**Your goal**
Restate every line below word for word, but drop each picture.

***** Information provided *****

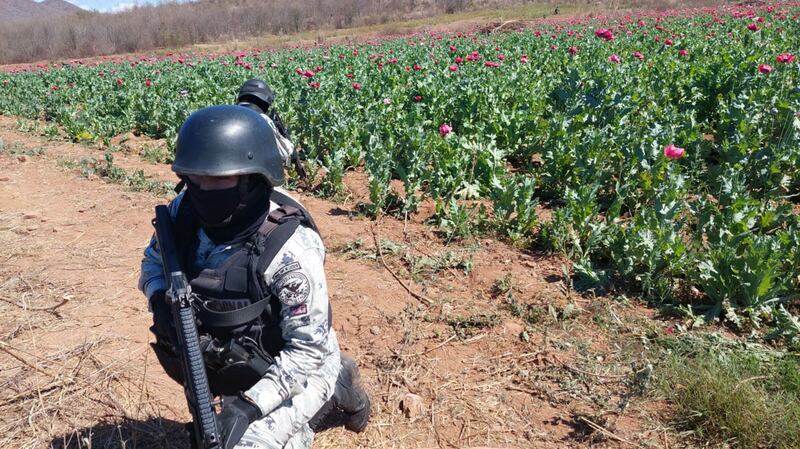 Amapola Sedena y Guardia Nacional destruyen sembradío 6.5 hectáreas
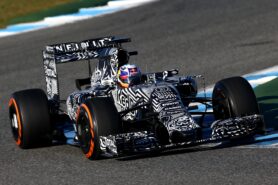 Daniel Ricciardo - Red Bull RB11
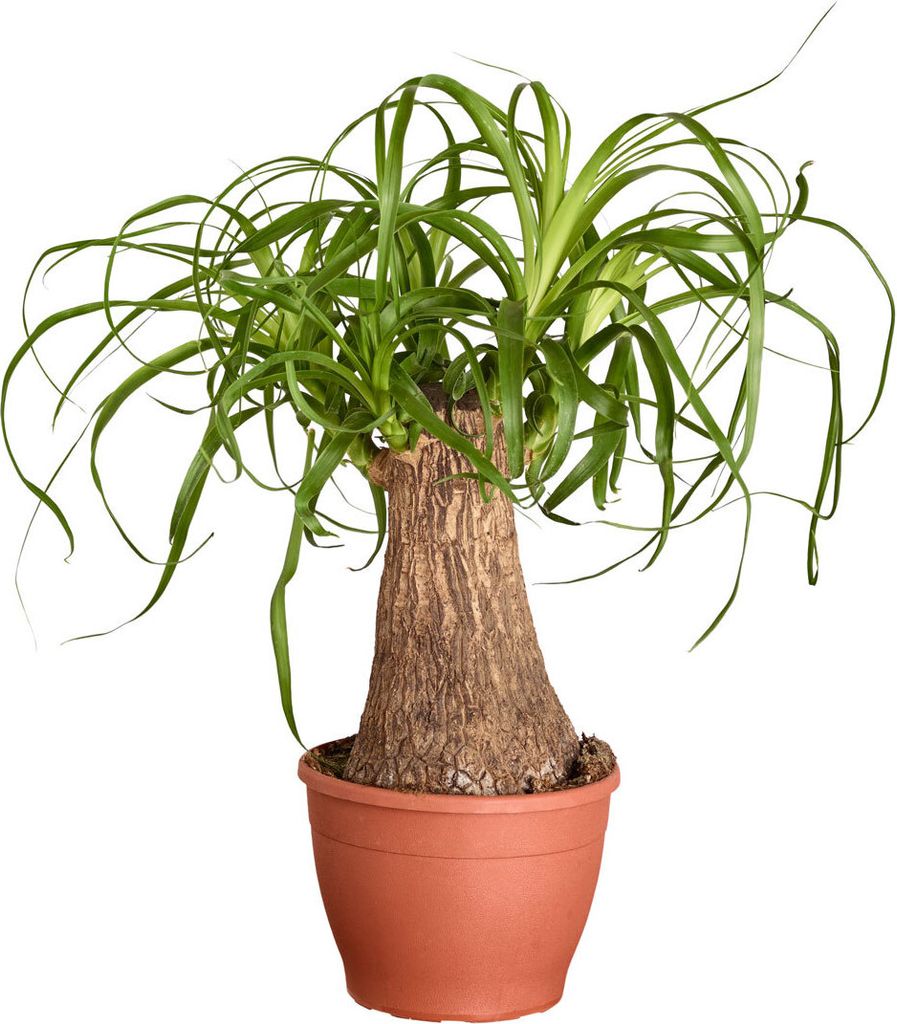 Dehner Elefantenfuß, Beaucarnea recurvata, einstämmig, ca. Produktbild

*****

**Output for this exercise**
 Amapola Sedena y Guardia Nacional destruyen sembradío 6.5 hectáreas
 Daniel Ricciardo - Red Bull RB11
 Dehner Elefantenfuß, Beaucarnea recurvata, einstämmig, ca. Produktbild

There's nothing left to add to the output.